31.8.06

UM “GANDA” DESABAFO

Há uns tempos atrás fui almoçar com um amigo. A conversa deu uma volta ou duas e foi parar à moda das “bruxarias new age”. E enquanto desancávamos nas runas e nos fins-de-semana esotérico-energéticos em Sintra, nos cursos de descoberta pessoal através da aura (a aura, aura, tanto que eu poderia dizer acerca da aura), nos tarots e feng-shuis da vida moderna, apercebi-me, ou foi o meu amigo que me chamou a atenção, já não me lembro bem, que um fenómeno muito semelhante se passa com o mundo das artes marciais.

(Faço aqui um pequeno parênteses para vos dar a conhecer o extremo estado de ansiedade que me assalta no momento em que escrevo estas palavras. Há uma sensação de impotência que me acode enquanto tomo consciência que estas mesmas palavras podem ser lidas como uma justificação, mesmo para os malandros que um pouco por todo o lado vendem “gato por lebre”.
De qualquer maneira, diga eu o que disser, esta batalha está perdida à partida, mas adiante.)

Sócrates dizia que a verdade já reside em nós; só temos é de fazer com que ela saia cá para fora. E uma conversa inocente à volta de um arroz de polvo malandrinho pode ter um efeito tão revelador como todas as ironias e maiêuticas do velho sábio grego.

A frase mágica que saiu dos lábios do meu amigo foi algo como:
- Não te esqueças que no fim, lá atrás disso tudo, está sempre alguém a ganhar bom dinheiro com o negócio.
Ora, eu tenho um faro do caraças para detectar o que normalmente chamo o bullshido. Tenho. São muitos anos que é que vos posso dizer? Desculpem lá esta pequena imodéstia e continuemos.

Voltei para casa pensativo e liguei-me à internet. Na minha caixa do correio, qual confirmação dos meus receios, um e-mail de uma Associação Nihon-Tai-Budo-Shoshen-Ryu-Jutsu qualquer convidava-me para estar presente num estágio de um tal Soké-Shihan-Sifu Billy Batmuma, 13º dan e meio na misteriosa arte marcial do Origami-Ninjutsu-Tekai, um ramo da lendária escola Ikebana-Pachinko-Bujutsu originária de Okinawa de Baixo.
É claro que, acompanhada de um sorriso de desprezo irónico, foi imediatamente enviada para o lixo.
No entanto, as palavras do meu amigo lá estavam. E soavam como sinos na minha cabeça:
- ... no fim, lá atrás disso tudo, está sempre alguém a ganhar bom dinheiro com o negócio.

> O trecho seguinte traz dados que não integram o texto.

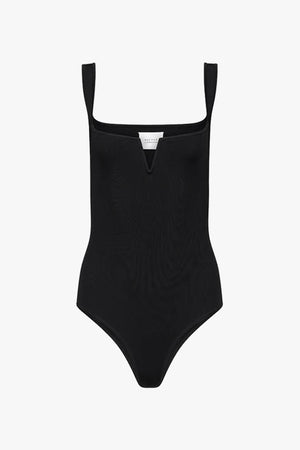 Freya Bodysuit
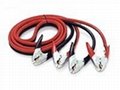 booster cable2GA
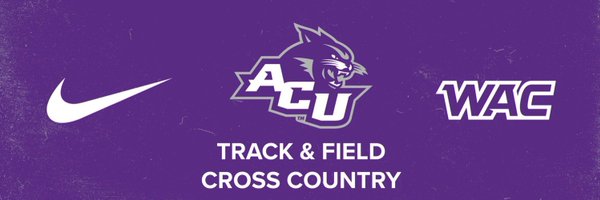 BarajasMark Profile Banner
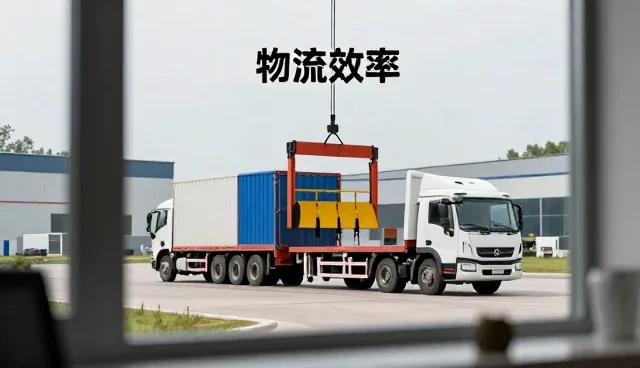 日用百货批发中的成本控制应用场景分析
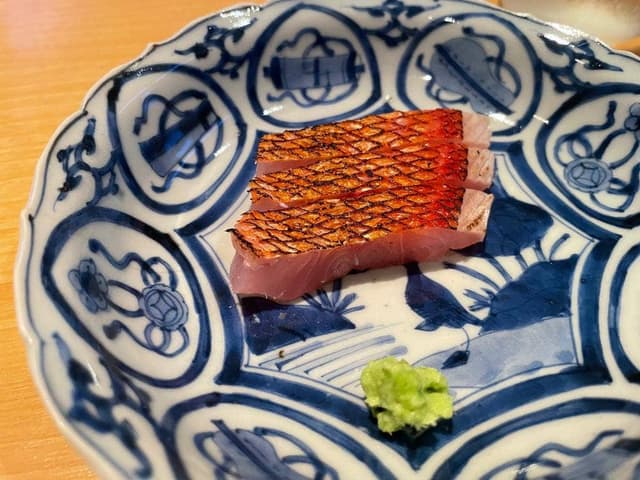美酒佳肴 ひのひ - サブ画像3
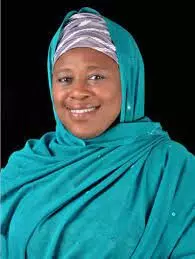 Nigeria to launch Family Planning 2030 commitment — Anas-Kolo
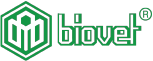logo 7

Mas seria possível que alguém ganhasse dinheiro com um embuste tão óbvio? Recusava-me a acreditar em semelhante coisa. As pessoas, os budokas em Portugal não são assim tão ingénuos... ou são?

O motivo que me levou a escrever hoje este texto prende-se com o facto de, enquanto surfava um bocadinho entre os blogs e sites que constituem o meu pequeno mundo marcial virtual, o facto dizia, de ter encontrado fotos e comentários acerca do tal estágio com o Soké-Shihan-Sifu Batmuma.

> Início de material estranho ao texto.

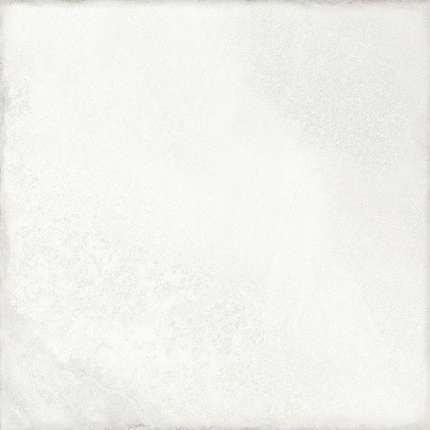Tagina Marmi Imperiali Aurelia Nat Ret 60x60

E a minha alma está parva, como se costuma dizer. E das duas uma: ou sou muito cínico ou muito ingénuo... certo é que tenho mau fundo, como dizia o outro.

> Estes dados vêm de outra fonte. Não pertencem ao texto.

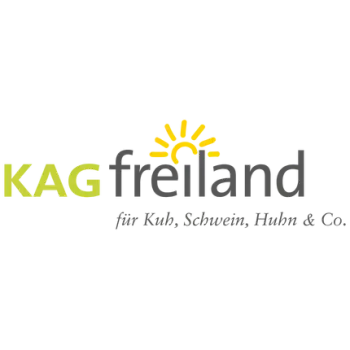 KAGfreiland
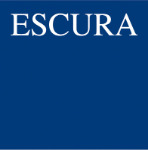 Bufete Escura SLP Logo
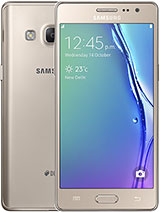 Best available price of Samsung Z3 Corporate in Guyana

Mas ninguém vê que aquilo é um monte de bullshido? Ninguém percebeu que os títulos que o homem deste caso dizia ostentar são títulos FAMILIARES (de família) japoneses que um ocidental não pode nunca ostentar? Mas ninguém lê nada nesta pôrra deste mundo? Comem a primeira patranha que lhes dão assim? Sem mais nem menos?

Que fome é esta? É como ir a um restaurante, a pagar um mão-cheia de dinheiro por um prato ricamente temperado de especiarias exóticas e coloridas, por baixo das quais está, nem mais nem menos, que uma gigantesca porção de nada.

Nada? Se calhar é aí que reside o meu erro.
Bem me lembro, já lá vão uns anitos, de assistir, num campeonato de karate, a uma competição de kata (sim, sim os gajos do karate fazem isso), onde um rapaz, enquanto se babava de extãse e satisfação ao ver o seu sensei (à época com 2 ou 3 dans) competir, repetia, embevecido, para a direita e para a esquerda a quem o quisesse ouvir:
- É o maior. O meu sensei vai ganhar isto nas calmas.
Escusado será dizer que, entre talvez trinta participantes, o sensei dele deve ter ficado classificado do 27º para baixo... e ex-equo. Ainda me lembro até que essa competição foi ganha pelo Sensei Gomes da Costa que executou uma impressionante Suparimpe... bom, seguimos.

Volto à ideia anterior. Nada? Há muita gente que não pensa assim. Vão lá dizer aos que participaram no estágio, que “o homem”, sim, que o Mestre Batmuma não é legítimo. Para muitos poderá até ter sido o momento marcial definidor das suas vidas. Tal como para o rapaz que assistia à execução medíocre do seu sensei na competição de kata. É tudo uma questão de referências.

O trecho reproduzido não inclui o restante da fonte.